* DATA BELOW:
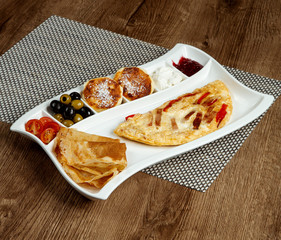 fried egg and other breakfast food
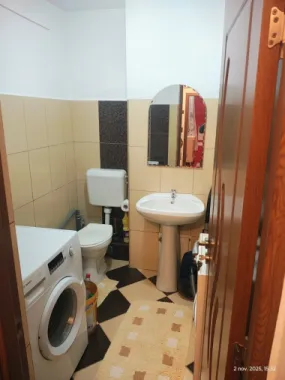 BRASADAS vinde ap 3 cam etaj 4/4 in Carpați 2.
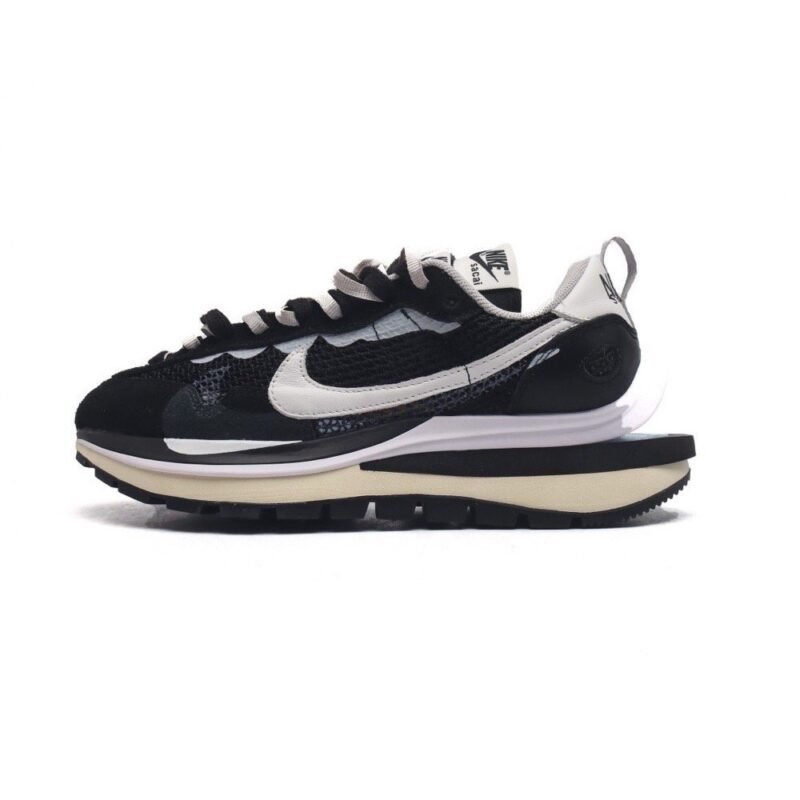 【AT1532】Sacai x Nike vaporWaffle ナイキ×サカイのVaporWaffleコラボレーションは、PegasusとVaporFlyのデザイン要素を共有し、3.0バージョンのシューズを作り上げています。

* ACTIVITY: Without including any picture, set down every line above exactly as it stands.

* FINISHED TASK:
 fried egg and other breakfast food
 BRASADAS vinde ap 3 cam etaj 4/4 in Carpați 2.
 【AT1532】Sacai x Nike vaporWaffle ナイキ×サカイのVaporWaffleコラボレーションは、PegasusとVaporFlyのデザイン要素を共有し、3.0バージョンのシューズを作り上げています。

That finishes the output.